Factor 10. Budgetary Input
The judiciary has a meaningful opportunity to influence the amount of money allocated to it by the legislative and/or executive branches, and, once funds are allocated to the judiciary, the judiciary has control over its own budget and how such funds are expended.
Factor 11. Adequacy of Judicial Salaries
Judicial salaries are generally sufficient to attract and retain qualified judges, enabling them to support their families and live in a reasonably secure environment, without having to have recourse to other sources of income.
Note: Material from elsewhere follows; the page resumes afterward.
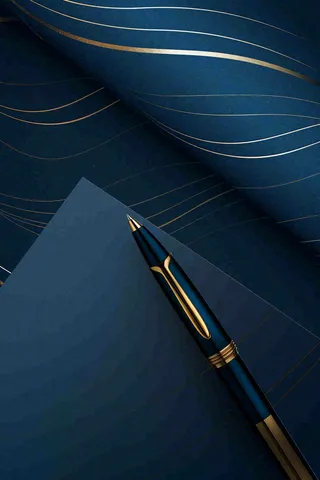 蓝色沉稳钢笔书写金色线条教师节背景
Factor 12. Judicial Buildings
Judicial buildings are conveniently located and easy to find, and they provide a respectable environment for the dispensation of justice with adequate infrastructure.
Factor 13. Judicial Security
Sufficient resources are allocated to protect judges from threats such as harassment, assault, and assassination.
Factor 14. Guaranteed Tenure
Senior level judges are appointed for fixed terms that provide a guaranteed tenure, which is protected until retirement age or the expiration of a defined term of substantial duration.
Factor 15. Objective Judicial Advancement Criteria
Judges are advanced through the judicial system on the basis of objective criteria such as ability, integrity, and experience.
Factor 16. Judicial Immunity for Official Actions
Judges have immunity for actions taken in their official capacity.
Factor 17. Removal and Discipline of Judges
Judges may be removed from office or otherwise punished only for specified official misconduct and through a transparent process, governed by objective criteria.
Factor 18. Case Assignment
Judges are assigned to cases by an objective method, such as by lottery, or according to their specific areas of expertise, and they may be removed only for good cause, such as a conflict of interest or an unduly heavy workload.
Factor 19. Judicial Associations
An association exists, the sole aim of which is to protect and promote the interests of the judiciary, and this organization is active.
V.Accountability and Transparency
Factor 20. Judicial Decisions and Improper Influence
Judicial decisions are based solely on the facts and law without any undue influence from senior judges (e.g., court presidents), private interests, or other branches of government.
Factor 21. Code of Ethics
A judicial code of ethics exists to address major issues such as conflicts of interest, ex parte communications, and inappropriate political activity, and judges are required to receive training concerning this code both before taking office and during their tenure.
Factor 22. Judicial Conduct Complaint Process
A meaningful process exists under which other judges, lawyers, and the public may register complaints concerning judicial conduct.
Factor 23. Public and Media Access to Proceedings
Courtroom proceedings are open to, and can accommodate, the public and the media
Factor 24. Publication of Judicial Decisions
Judicial decisions are generally a matter of public record, and significant appellate opinions are published and open to academic and public scrutiny.
Factor 25. Maintenance of Trial Records
A transcript or some other reliable record of courtroom proceedings is maintained and is available to the public.
Factor 26. Court Support Staff
Each judge has the basic human resource support necessary to do his or her job, e.g., adequate support staff to handle documentation and legal research.
Factor 27. Judicial Positions
A system exists so that new judicial positions are created as needed.
Factor 28. Case Filing and Tracking Systems
The judicial system maintains a case filing and tracking system that ensures cases are heard in a reasonably efficient manner.
Factor 29. Computers and Office Equipment
The judicial system operates with a sufficient number of computers and other equipment to enable it to handle its caseload in a reasonably efficient manner.
Factor 30. Distribution and Indexing of Current Law
A system exists whereby all judges receive current domestic laws and jurisprudence in a timely manner, and there is a nationally recognized system for identifying and organizing changes in the law.